Directions for this task:
Each record listed below is to be output exactly as written.

= Beginning of Section =

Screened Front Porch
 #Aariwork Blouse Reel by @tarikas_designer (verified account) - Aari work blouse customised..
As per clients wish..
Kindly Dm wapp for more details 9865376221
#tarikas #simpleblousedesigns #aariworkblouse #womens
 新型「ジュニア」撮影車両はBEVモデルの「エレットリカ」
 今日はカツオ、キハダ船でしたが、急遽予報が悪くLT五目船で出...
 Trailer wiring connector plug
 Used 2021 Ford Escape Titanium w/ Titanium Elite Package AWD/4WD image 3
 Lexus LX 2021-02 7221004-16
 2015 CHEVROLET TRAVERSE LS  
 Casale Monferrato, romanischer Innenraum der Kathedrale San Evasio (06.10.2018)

= End of Section =

Exercise solution:
Screened Front Porch
 #Aariwork Blouse Reel by @tarikas_designer (verified account) - Aari work blouse customised..
As per clients wish..
Kindly Dm wapp for more details 9865376221
#tarikas #simpleblousedesigns #aariworkblouse #womens
 新型「ジュニア」撮影車両はBEVモデルの「エレットリカ」
 今日はカツオ、キハダ船でしたが、急遽予報が悪くLT五目船で出...
 Trailer wiring connector plug
 Used 2021 Ford Escape Titanium w/ Titanium Elite Package AWD/4WD image 3
 Lexus LX 2021-02 7221004-16
 2015 CHEVROLET TRAVERSE LS  
 Casale Monferrato, romanischer Innenraum der Kathedrale San Evasio (06.10.2018)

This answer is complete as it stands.